Even as my tone had changed from bluster to supplication, his expression softened from indifference to mere disdain. “We have no room. We have no food. These are hard times for our guild, you know. There is talk that we will be disbanded altogether, as a useless luxury, a drain upon the Will’s resources. We are very limited in our abilities. Because Roum has a surplus of Watchers, we all are on short rations as it is, and if we admit you our rations will be all the shorter.”
“But where will I go? What shall I do?”
“I advise you,” he said blandly, “to throw yourself upon the mercy of the Prince of Roum.”
3
OUTSIDE, I told that to Gormon, and he doubled with laughter, guffawing so furiously that the striations on his lean cheeks blazed like bloody stripes. “The mercy of the Prince of Roum!” he repeated. “The mercy—of the Prince of Roum—”
“It is customary for the unfortunate to seek the aid of the local ruler,” I said coldly.
“The Prince of Roum knows no mercy,” Gormon told me. “The Prince of Roum will feed you your own limbs to ease your hunger!”
“Perhaps,” Avluela put in, “we should try to find the Fliers’ Lodge. They’ll feed us there.”
“Not Gormon,” I observed. “We have obligations to one another.”
“We could bring food out to him,” she said.
“I prefer to visit the court first,” I insiste
d. “Let us make sure of our status. Afterward we can improvise living arrangements, if we must.”

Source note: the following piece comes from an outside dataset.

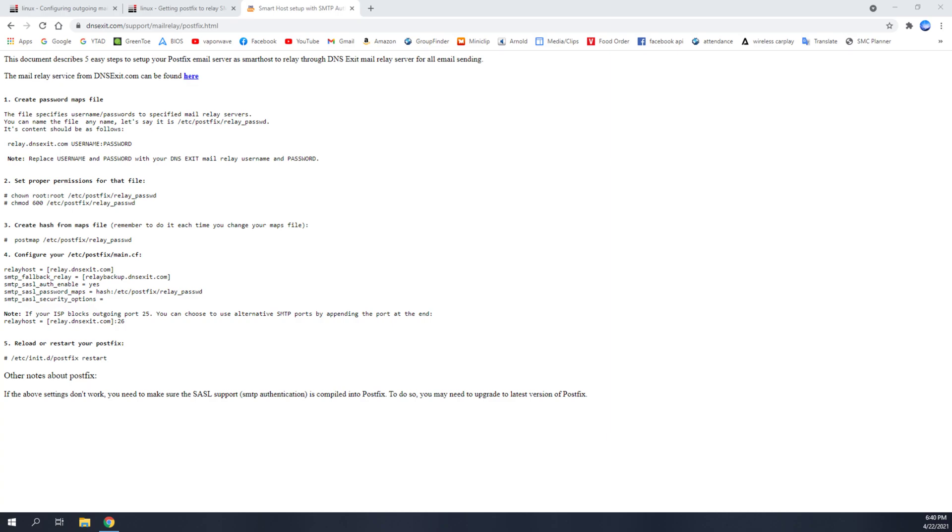Hey everyone, today I'm going to be showing you how to set up a mail relay.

She yielded, and we made our way to the palace of the Prince of Roum, a massive building fronted by a colossal column-ringed plaza, on the far side of the river that splits the city. In the plaza we were accosted by mendicants of many sorts, some of them not even Earthborn; something with ropy tendrils and a corrugated, noseless face thrust itself at me and jabbered for alms until Gormon pushed it away, and moments later a second creature, equally strange, its skin pocked with luminescent craters and its limbs studded with eyes, embraced my knees and pleaded in the name of the Will for my mercy. “I am only a poor Watcher,” I said, indicating my cart, “and am here to gain mercy myself.” But the being persisted, sobbing out its misfortunes in a blurred, feathery voice, and in the end, to Gormon’s immense disgust, I dropped a few food tablets into the shelf-like pouch on its chest. Then we muscled on toward the doors of the palace. At the portico a more horrid sight presented itself: a maimed Flier, fragile limbs bent and twisted, one wing half-unfolded and severely cropped, the other missing altogether. The Flier rushed upon Avluela, called her by a name not hers, moistened her leggings with tears so copious that the fur of them grew matted and stained. “Sponsor me to the lodge,” he appealed. “They have turned me away because I am crippled, but if you sponsor me—” Avluela explained that she could do nothing, that she was a stranger to this lodge. The broken Flier would not release her, and Gormon with great delicacy lifted him like the bundle of dry bones that he was and set him aside. We stepped up onto the portico and at once were confronted by a trio of soft-faced neuters, who asked our business and admitted us quickly to the next line of barrier, which was manned by a pair of wizened Indexers. Speaking in unison, they queried us.
“We seek audience,” I said. “A matter of mercy.”
“The day of audience is four days hence,” said the Indexer on the right. “We will enter your request on the rolls.”
“We have no place to sleep!” Avluela burst out. “We are hungry! We—”
I hushed her. Gormon, meanwhile, was groping in the mouth of his overpocket. Bright things glimmered in his hand: pieces of gold, the eternal metal, stamped with hawk-nosed, bearded faces. He had found them grubbing in the ruins. He tossed one coin to the Indexer who had refused us. The man snapped it from the air, rubbed his thumb roughly across its shining obverse, and dropped it instantly into a fold of his garment. The second Indexer waited expectantly. Smiling, Gormon gave him his coin.